Melting phenomenon of non-linear radiative generalized second grade nanoliquid

Abstract

This article communicates the heat transfer improvement with bioconvective-flow of generalized second-grade nanofluid under melting mechanisms through a stretched surface in the occurrence of microorganisms. The impacts of activation action and nonlinear thermal radiation are considered. Heat dependent thermal conductivity and thermal diffusivity with the impacts of thermal and solutal Robin's conditions are adopted. The set of PDE's is reducing into coupled ordinary differential equations by introducing appropriate similarity transformation.
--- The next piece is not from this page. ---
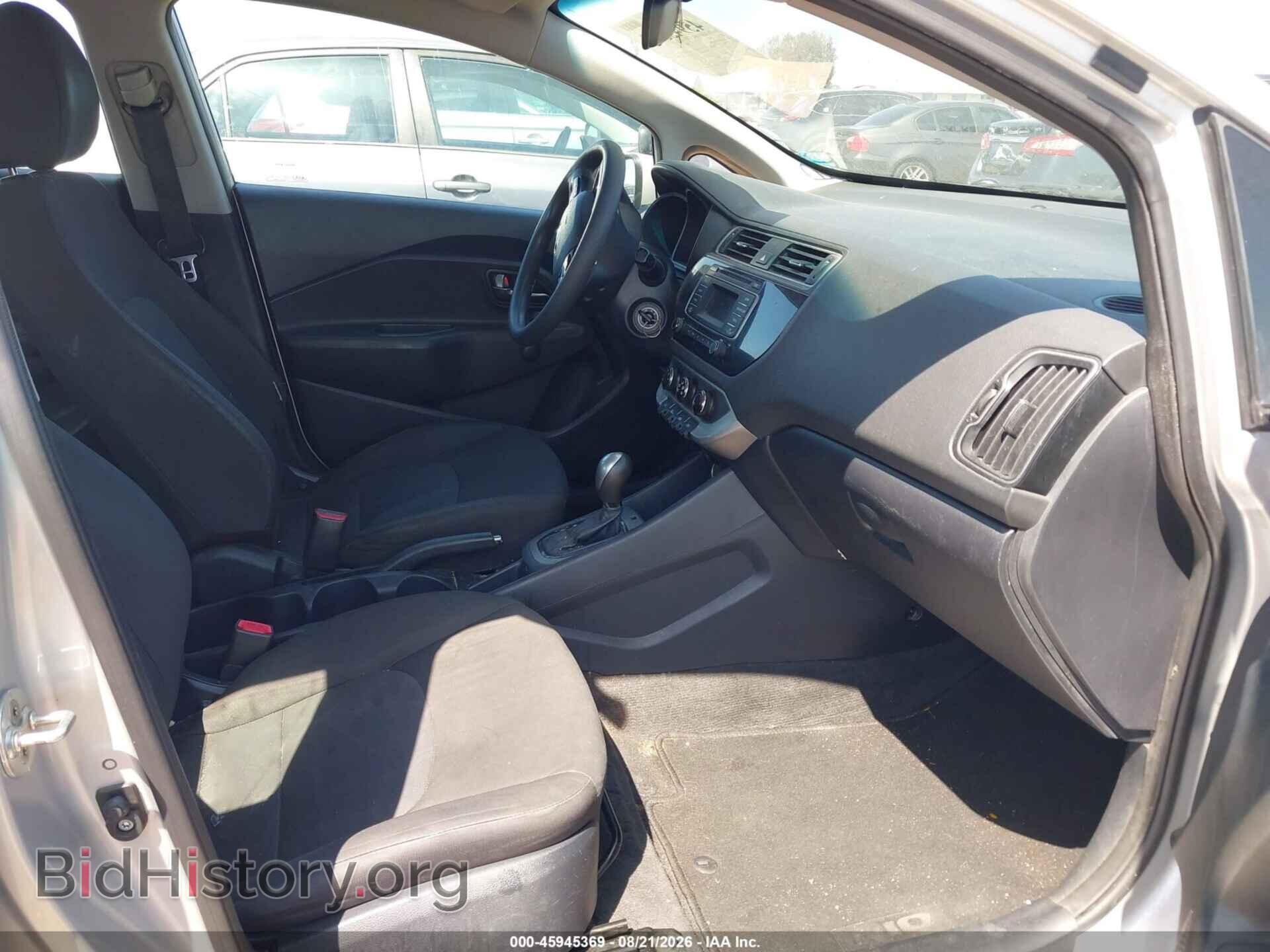 2017 KIA RIO - VIN: KNADM4A32H6025915 - Фото 5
The numerical solution of the dimensionless ordinary ones is attained by implementing a numerical scheme specifically the bvp4c tool in MATLAB. Aspects of distinguishing vital parameters against velocity field, heat profile, the concentration of nanoparticles, microorganisms' field are revealed graphically. The numerical estimation of skin friction coefficient, temperature transfer rate, mass transfer rate, and microorganisms mass transfer rate are also acquired in tabular data. This scrutiny reported that the flow of fluid is improved with increment in the magnitudes of modifies second-grade fluid parameter while reducing for buoyancy ratio parameter. Furthermore, the heat field reduces for a larger melting number. The microorganism's field is riches for greater microorganisms Biot number.